Eduniversal is a university ranking business by the French consulting company and rating agency SMBG specialized in Higher Education. Founded in 1994, one of the main goals of Eduniversal is to provide a tool, for students all around the world, which provides information on the Best Business Schools, located in Eduniversal's 9 geographical regions (the 5 continents).

The Eduniversal ranking agency establishes an official selection of the Best 1000 Business Schools in more than 150 countries in the world. The purpose of this  selection is to offer students a serious referent that reflects the international dimension of each School, and therefore enables them to make the right decision regarding the choice of their future School.

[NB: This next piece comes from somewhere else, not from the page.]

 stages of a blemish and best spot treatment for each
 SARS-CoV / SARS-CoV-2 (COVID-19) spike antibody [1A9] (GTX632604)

The International Scientific Committee at the initiative of the Eduniversal Company is composed of 12 members; 9 members coming from nine different geographic zones (Africa, Central Asia, Eastern Europe, Eurasia and Middle East, Far East Asia, Latin America, North America, Oceania and Western Europe), and 2 members from the Eduniversal Company (The CEO and the International Coordinator).

Methodology
The official selection as it is defined by the Eduniversal Company is the classification of the 1000 best Business Schools in 153 countries in the World. The selection is classified in terms of Palms and Ratings, issued from the Deans' votes.
The aim of this official selection is to provide sufficient information for students about a range of academic institutions, sorted by their reputations and international ambitions and located in 9 different zones.